Start of Dataset records

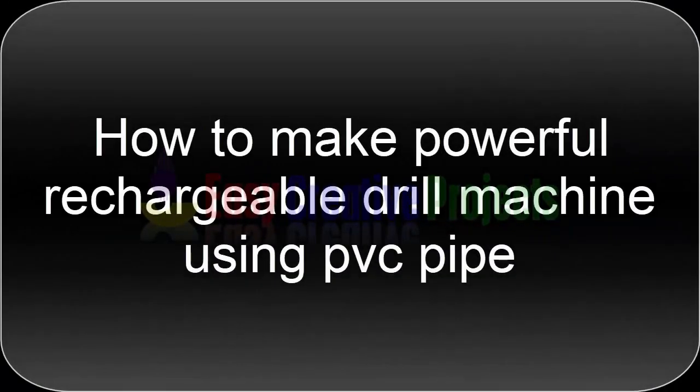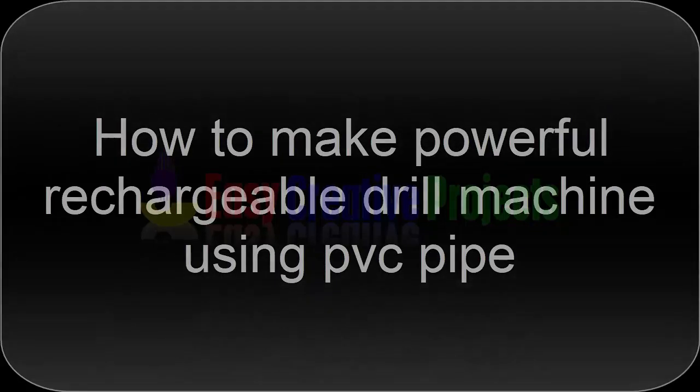Hello friends, today we learn how to make a powerful rechargeable drill machine using PVC pipe.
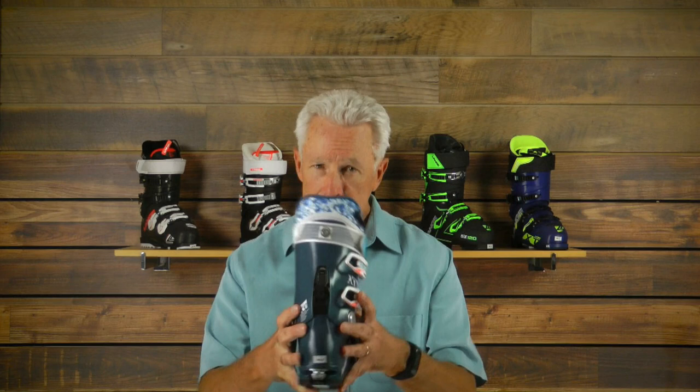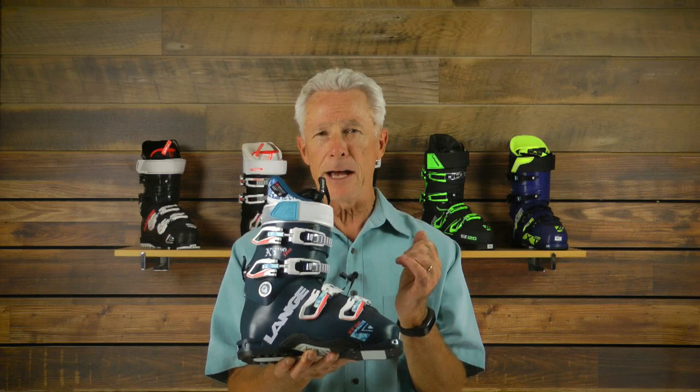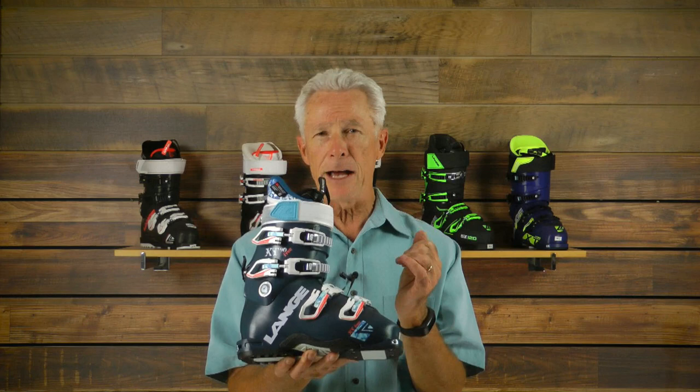This boot has a 100 millimeter last with a nice taper back to the heel, so we get good heel hold here. We still utilize a good polyether polyurethane plastic with a nice lightweight liner. This boot truly allows a skier to go anywhere on the hill, from a backcountry experience to a lift-served afternoon of skiing.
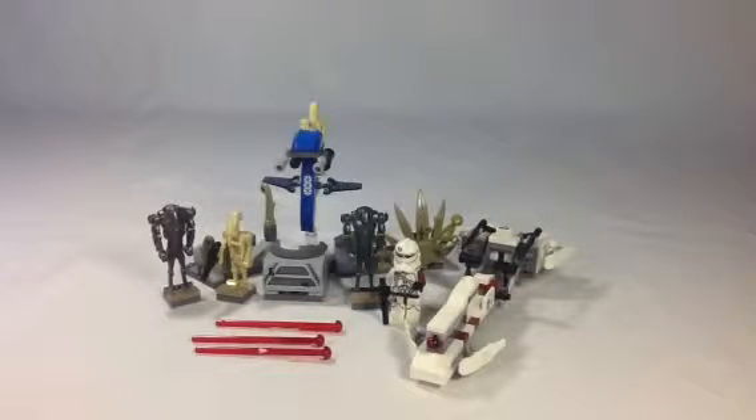Hey folks, it's Ben here from JB Bricks. You can follow everything we do at jbbricks.blogspot.com. So let's get to the set. This is a LEGO Star Wars set, Battle on Salukami, set 75037, and it has 178 pieces.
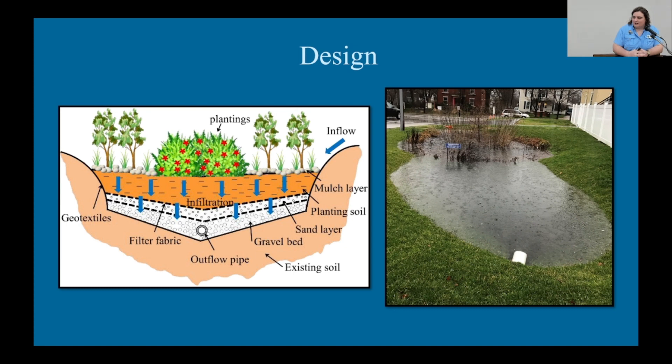To start with, a rain garden is a bowl-shaped depression designed to capture, hold, and absorb rainwater. From the surface level, they often look like maybe just lowered garden beds, and you're going to see a lot of native and adapted plants in them. When you look at a cross-section below ground, they will often have layers of different types of soil and substrate material that help with infiltration and filtration.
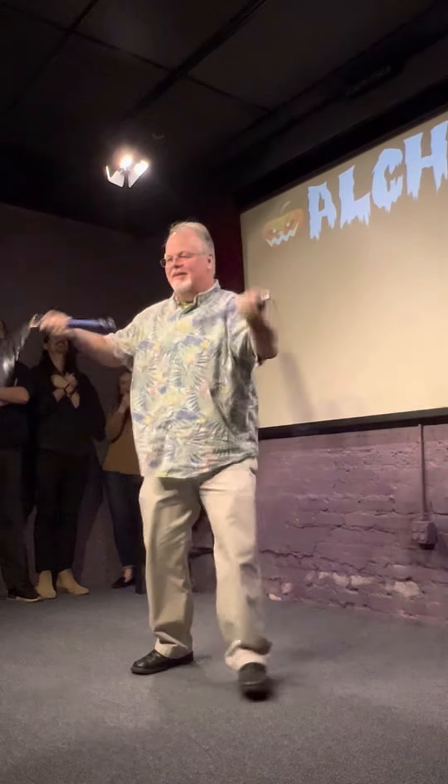Uh oh, got tangled up there. Let's try that again. Something like that, without really hurting myself.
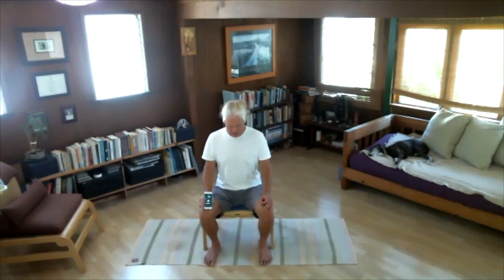Inhale: one, two, three, four — relax your belly — five, six, seven, eight, nine, ten. Exhale: one, two, three — pull in your belly — four, five, six, seven, eight, nine, in and up — ten. Wait for ten, keep your belly in. Inhale: one, two, three, four — relax your belly — five through ten. Exhale: one through ten. No holding here — just breathe in again: one, two, three — relax your belly — four through ten.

End of Dataset records

What you need to do: Your copy should repeat each entry above exactly but contain no pictures.

Response for this exercise:
Hello friends, today we learn how to make a powerful rechargeable drill machine using PVC pipe.
This boot has a 100 millimeter last with a nice taper back to the heel, so we get good heel hold here. We still utilize a good polyether polyurethane plastic with a nice lightweight liner. This boot truly allows a skier to go anywhere on the hill, from a backcountry experience to a lift-served afternoon of skiing.
Hey folks, it's Ben here from JB Bricks. You can follow everything we do at jbbricks.blogspot.com. So let's get to the set. This is a LEGO Star Wars set, Battle on Salukami, set 75037, and it has 178 pieces.
To start with, a rain garden is a bowl-shaped depression designed to capture, hold, and absorb rainwater. From the surface level, they often look like maybe just lowered garden beds, and you're going to see a lot of native and adapted plants in them. When you look at a cross-section below ground, they will often have layers of different types of soil and substrate material that help with infiltration and filtration.
Uh oh, got tangled up there. Let's try that again. Something like that, without really hurting myself.
Inhale: one, two, three, four — relax your belly — five, six, seven, eight, nine, ten. Exhale: one, two, three — pull in your belly — four, five, six, seven, eight, nine, in and up — ten. Wait for ten, keep your belly in. Inhale: one, two, three, four — relax your belly — five through ten. Exhale: one through ten. No holding here — just breathe in again: one, two, three — relax your belly — four through ten.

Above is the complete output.